● **WHAT TO DO**: From the entries that follow, reproduce exactly and only the lines from the line with "Housse etui coque" to the line with "Landino Login Page", endpoints included.

● **DATA SUPPLIED**:
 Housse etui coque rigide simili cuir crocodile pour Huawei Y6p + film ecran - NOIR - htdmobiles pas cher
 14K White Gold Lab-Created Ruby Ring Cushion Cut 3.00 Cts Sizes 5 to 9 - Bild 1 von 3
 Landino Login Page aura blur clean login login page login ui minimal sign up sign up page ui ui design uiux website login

* * *

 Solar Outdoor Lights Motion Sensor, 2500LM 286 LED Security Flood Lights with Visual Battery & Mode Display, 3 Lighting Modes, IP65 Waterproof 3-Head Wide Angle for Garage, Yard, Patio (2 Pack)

● **EXERCISE ANSWER**:
 Housse etui coque rigide simili cuir crocodile pour Huawei Y6p + film ecran - NOIR - htdmobiles pas cher
 14K White Gold Lab-Created Ruby Ring Cushion Cut 3.00 Cts Sizes 5 to 9 - Bild 1 von 3
 Landino Login Page aura blur clean login login page login ui minimal sign up sign up page ui ui design uiux website login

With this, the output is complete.